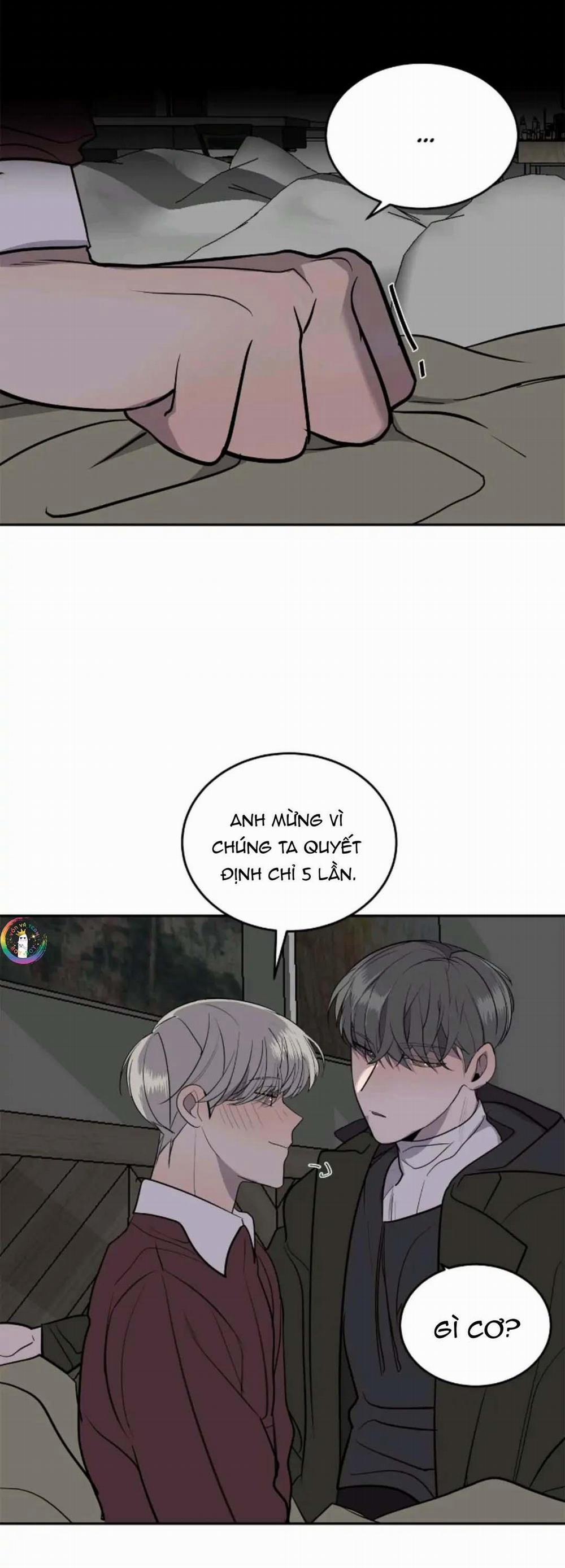 Sao NOTP Lại Thành Thật Rồi? (END) 18 trang 25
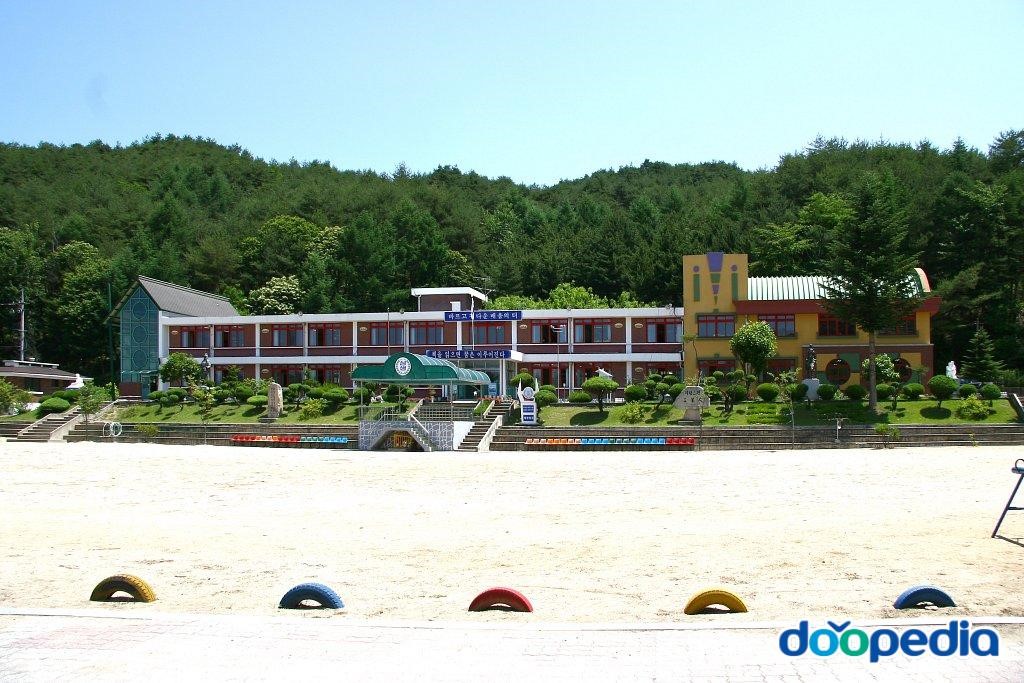 삼생초등학교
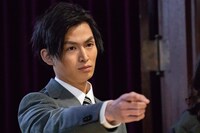 「ONLY SILVER FISH - WATER TANK OF MARY'S ROOM」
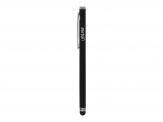 INLINE Stylus, Stift für Touchscreens von Smartphone und Tablet, schwarz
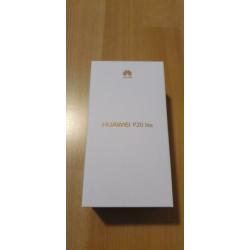 Huawei P20 Lite Blauw - 64GB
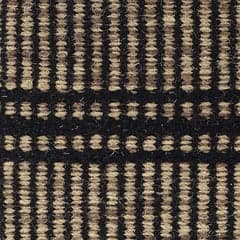 Malta Handwoven Wool Rug Swatch | Camel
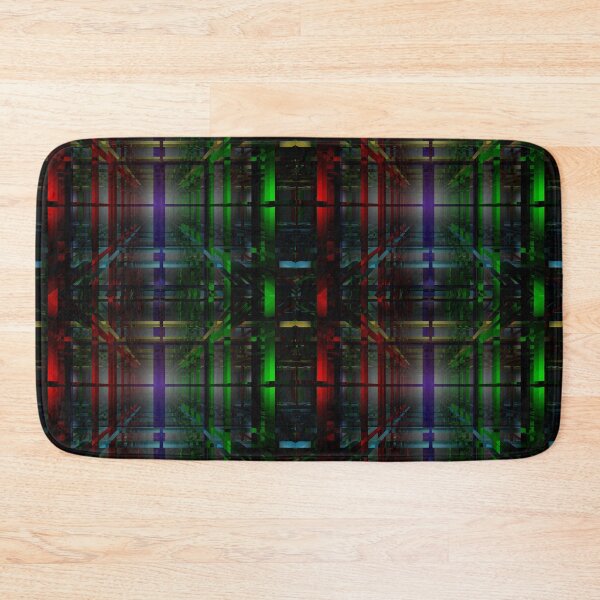 Item preview, Mirror Mirror RGB designed and sold by Solitaire Parke.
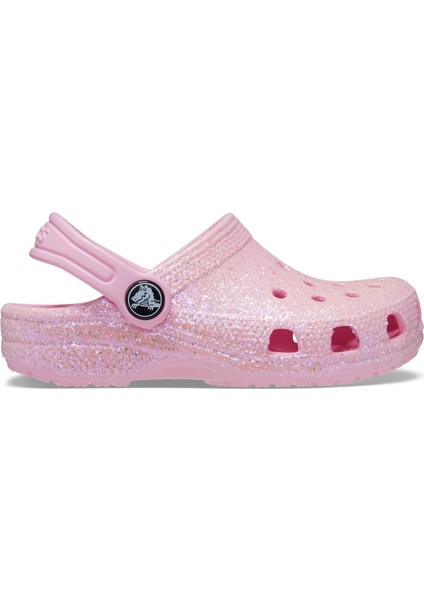 Crocs 206992 Classic Glitter Clog K Çocuk Terlik Fiyatı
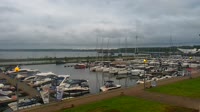 Lake Niegocin - Ekomarina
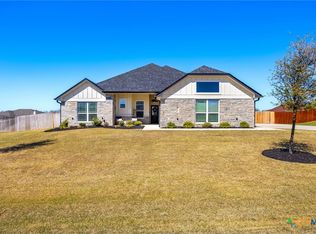 259 Sand Flat Ln, Temple, TX 76502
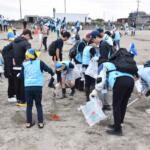 【画像】ただの砂浜のゴミを拾うだけ……じゃないからホンダなのだ！　「Hondaビーチクリーン」で見せつける技術屋魂とは!! 〜 画像40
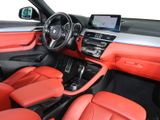 BMW X2 xDrive M35i Kamera Memory LenkHZG H&K ACC HUD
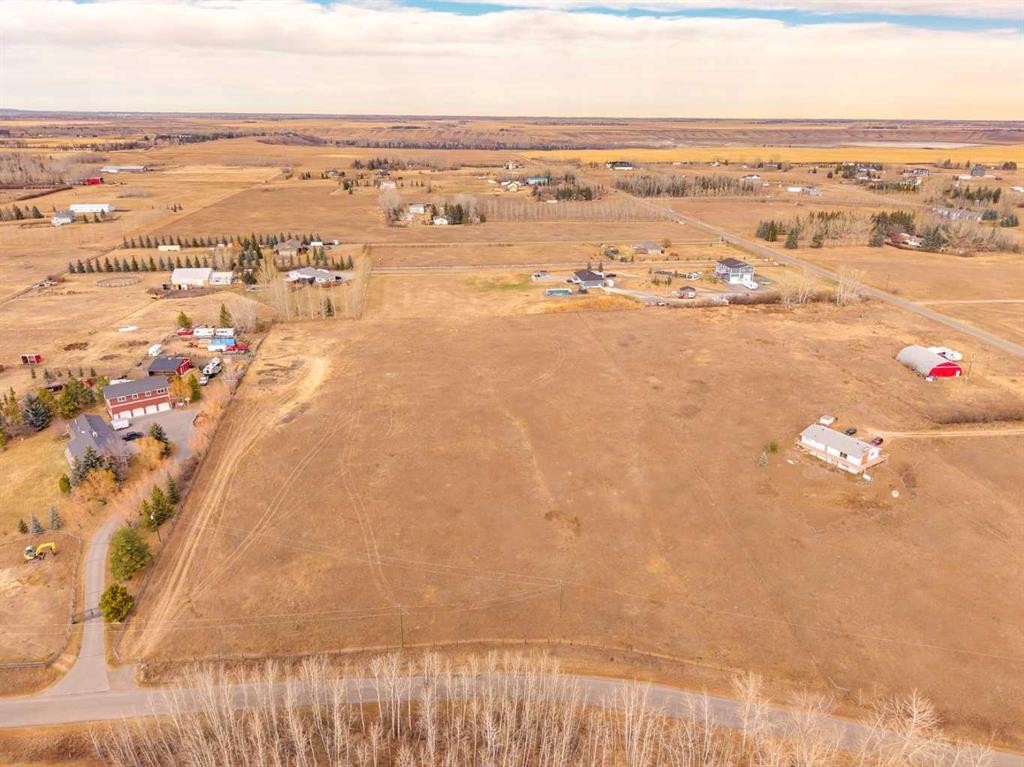 2253 Drive East, Rural Foothills County, AB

=====

Try it:
All of the material above goes into the copy exactly as is; the pictures do not.

Written solution:
 Sao NOTP Lại Thành Thật Rồi? (END) 18 trang 25
 삼생초등학교
 「ONLY SILVER FISH - WATER TANK OF MARY'S ROOM」
 INLINE Stylus, Stift für Touchscreens von Smartphone und Tablet, schwarz
 Huawei P20 Lite Blauw - 64GB
 Malta Handwoven Wool Rug Swatch | Camel
 Item preview, Mirror Mirror RGB designed and sold by Solitaire Parke.
 Crocs 206992 Classic Glitter Clog K Çocuk Terlik Fiyatı
 Lake Niegocin - Ekomarina
 259 Sand Flat Ln, Temple, TX 76502
 【画像】ただの砂浜のゴミを拾うだけ……じゃないからホンダなのだ！　「Hondaビーチクリーン」で見せつける技術屋魂とは!! 〜 画像40
 BMW X2 xDrive M35i Kamera Memory LenkHZG H&K ACC HUD
 2253 Drive East, Rural Foothills County, AB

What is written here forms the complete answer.